Donald Seton Cammell, painter, screenwriter, and director; born January 17, 1934, died April 24, 1996

THE essence of the Swinging Sixties was probably caught best in Donald Cammell's first film as director, Performance, which starred Mick Jagger, James Fox, and forgotten swingers of the day like Anita Pallenberg and Michelle Breton.

Written by Cammell, it was co-directed with Nicholas Roeg who photographed it. Made in 1970, the film was only released a year later after being substantially cut by its worried distributor.

Fox, who had scored a huge success as the weak English public schoolboy in The Servant two years before, changed character to play a sadistic East End thug who breaks into the world of a reclusive rock star, Jagger, and wreaks havoc.

It was something of a sensation. The critic, John Simon, wrote: ``You don't have to be a drug addict, pederast, sadomasochist, or nitwit to enjoy it, but being one or more of these things would help.''

It is an amazingly perverse film in which the two men swop personalities.

Fox found the role extremely disturbing and it appears to have contributed to his disappearance into the ranks of an evangelical sect for nearly a decade.

It was, however, to be Cammell's finest hour in the cinema. His latter films were not very successful, and his most recent, The Wild Side, starring Christopher Walken and Joan Chen, made in 1995, has yet to be seen.

Donald Cammell was born in the Outlook Tower by Edinburgh Castle, the elder son of the writer and poet Charles Richard Cammell and Iona Macdonald.

A child prodigy, he began to paint at the age of three. He was educated at Westminster School and studied at the Byam Shaw Art School and the Royal Academy School of Art.

He also studied painting in Florence under Anigoni and in the early 1950s had a successful career as a portrait painter with a studio in Flood Street, Chelsea. His portrait of Sheridan, Marquis of Dufferin and Ava, as a page boy at the Coronation of the Queen was society portrait of the year.

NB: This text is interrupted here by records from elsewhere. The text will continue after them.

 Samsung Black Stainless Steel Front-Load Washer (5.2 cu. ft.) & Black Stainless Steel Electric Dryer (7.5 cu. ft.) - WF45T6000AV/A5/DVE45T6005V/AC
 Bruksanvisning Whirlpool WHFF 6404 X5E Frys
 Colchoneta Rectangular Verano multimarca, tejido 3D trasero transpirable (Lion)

In 1961 he moved to Paris, where he lived for some time. He also started writing screenplays, the first of which, Duffy, a heist drama starring Fox and James Coburn, was produced in 1968.

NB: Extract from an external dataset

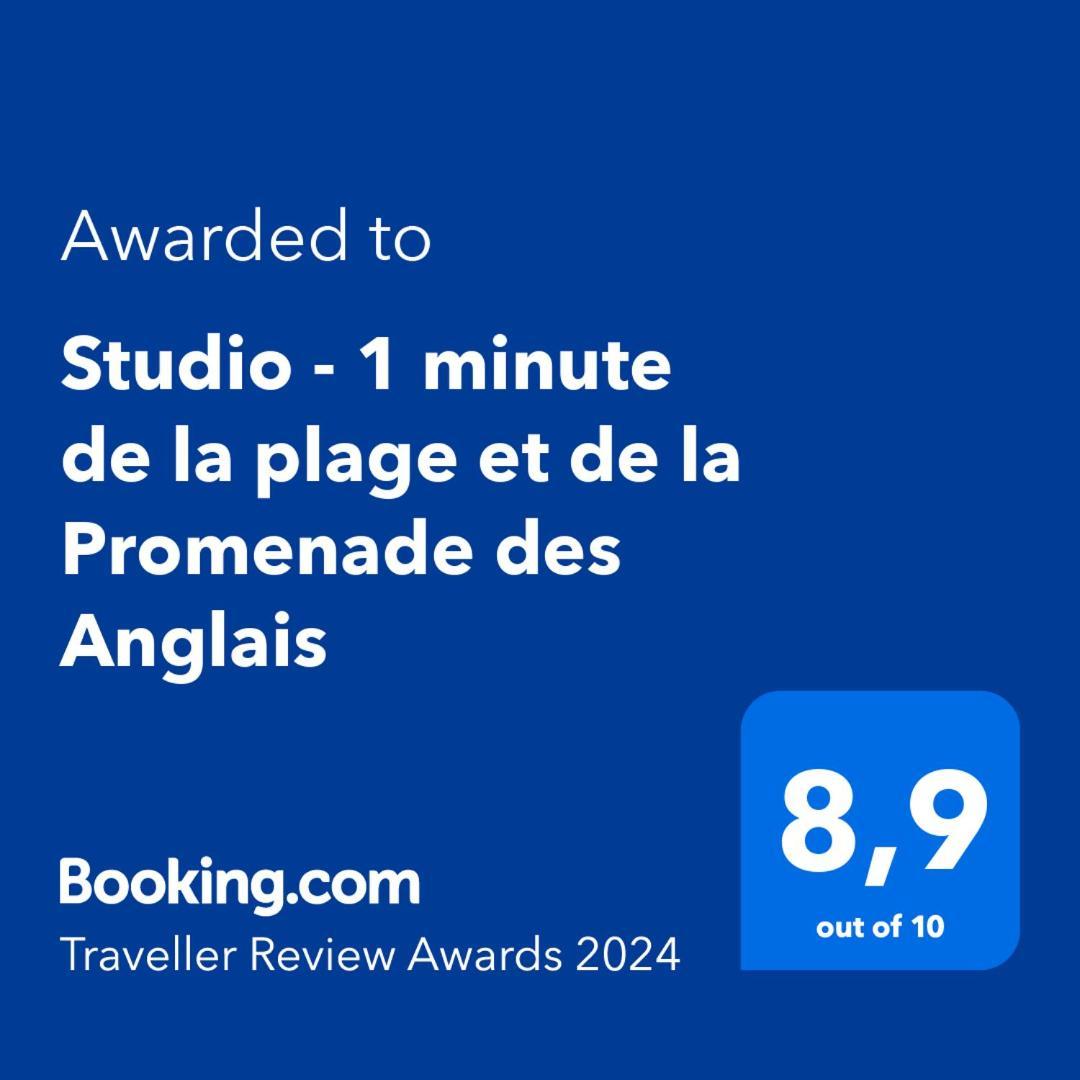 Studio - 1 Minute De La Plage Et De La Promenade Des Anglais Nice Exteriér fotografie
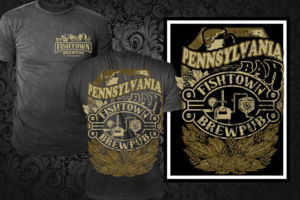 Diseño de Camiseta por rhamjo_quimada para Fishtown Brewpub  | Diseño: #12756056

He was the centre of a Chelsea set at the time when the area was at the heart of cultural life.

After the release of Performance Cammell moved to Los Angeles where he spent the next seven years trying to get The Demon Seed made. A science fiction horror story about a computer which impregnated its creator's wife, played by Julie Christie, it came out in 1977 at the same time as Star Wars and Close Encounters of the Third Kind and duly paid the price.

Like all his work it deals with the complex relationship between human sexuality and identity and how people exploit power over others. Ten years and several aborted projects later he got to direct another film, White of the Eye, set in the Arizona desert, about a woman living with a serial killer.

He was married twice, first to the Greek actress Maria Andipa, by whom he had a son, and then to the writer, China Kong, with whom he collaborated on his latter, mostly unmade, screenplays. He is survived by his son and his second wife.